(Work instructions)
Could you write out, exactly as they stand, only the lines in the listing below from the line with "The dynamic changes" to the line with "Invitrogen PAFAH1B3 Polyclonal", both ends included, without the pictures?

(Data for this exercise)
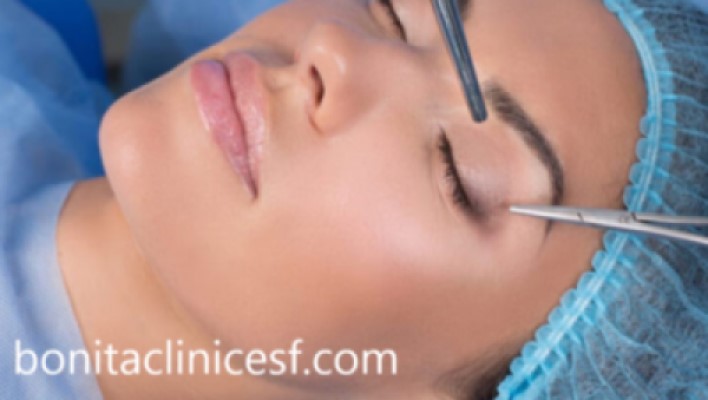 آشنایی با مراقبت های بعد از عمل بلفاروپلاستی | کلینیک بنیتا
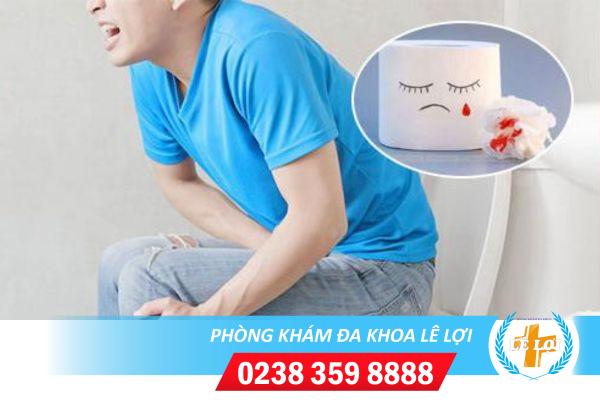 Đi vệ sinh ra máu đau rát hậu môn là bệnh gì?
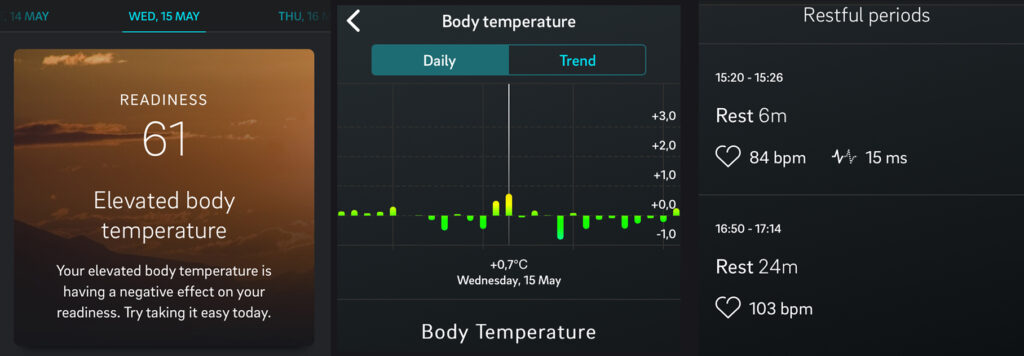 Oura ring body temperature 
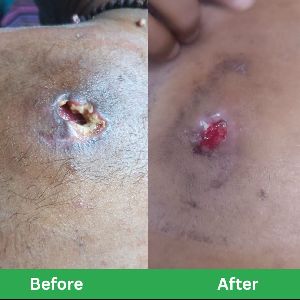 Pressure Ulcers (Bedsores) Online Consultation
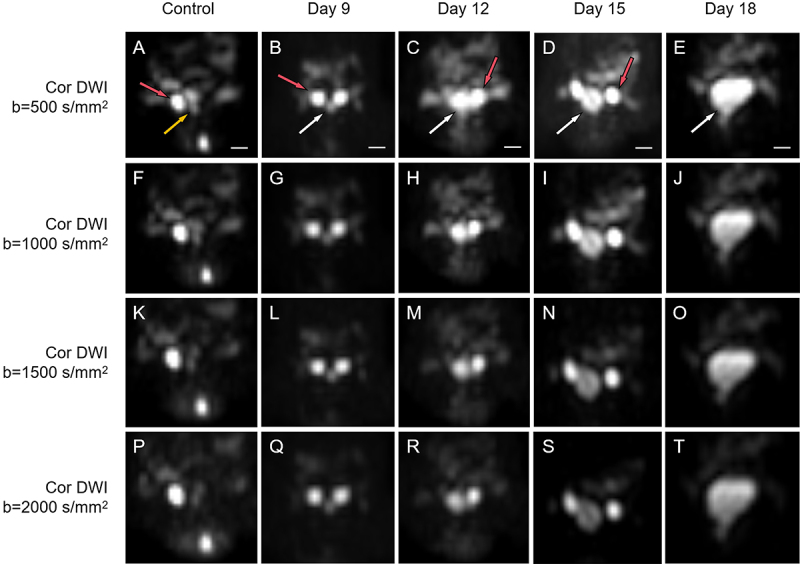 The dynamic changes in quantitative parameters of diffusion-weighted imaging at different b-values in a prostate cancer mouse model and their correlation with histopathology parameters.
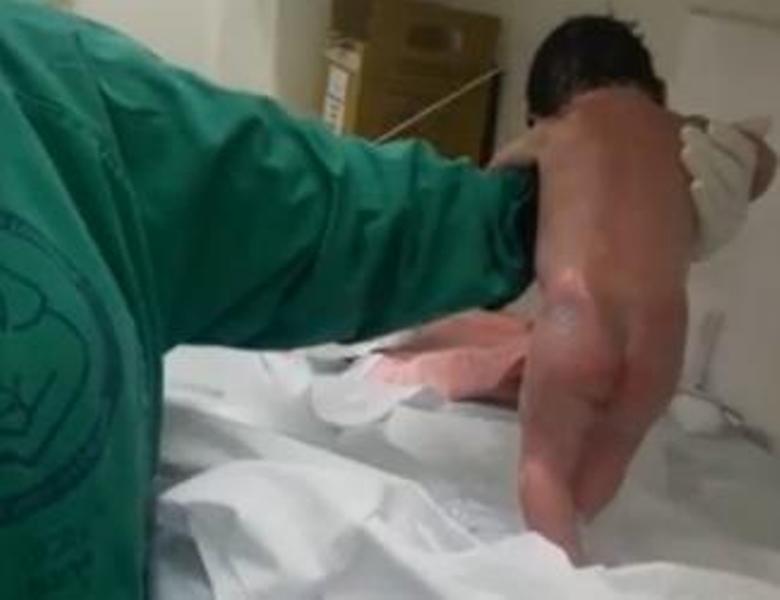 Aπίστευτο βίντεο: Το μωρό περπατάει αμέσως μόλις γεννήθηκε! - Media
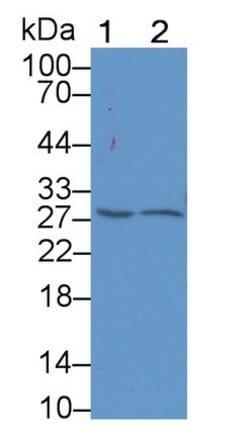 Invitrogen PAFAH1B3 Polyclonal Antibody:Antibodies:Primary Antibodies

* * *

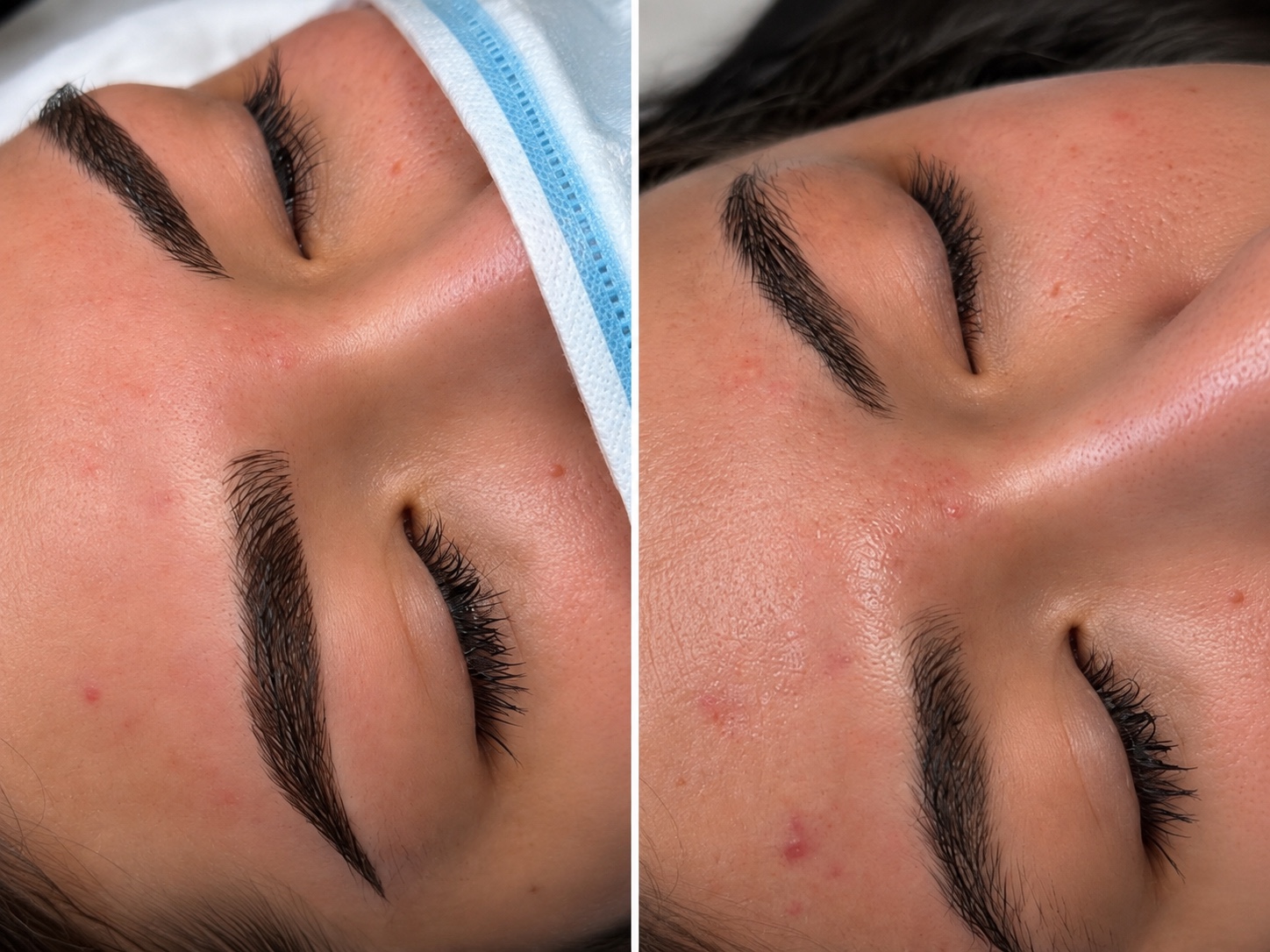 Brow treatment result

(Your response)
 The dynamic changes in quantitative parameters of diffusion-weighted imaging at different b-values in a prostate cancer mouse model and their correlation with histopathology parameters.
 Aπίστευτο βίντεο: Το μωρό περπατάει αμέσως μόλις γεννήθηκε! - Media
 Invitrogen PAFAH1B3 Polyclonal Antibody:Antibodies:Primary Antibodies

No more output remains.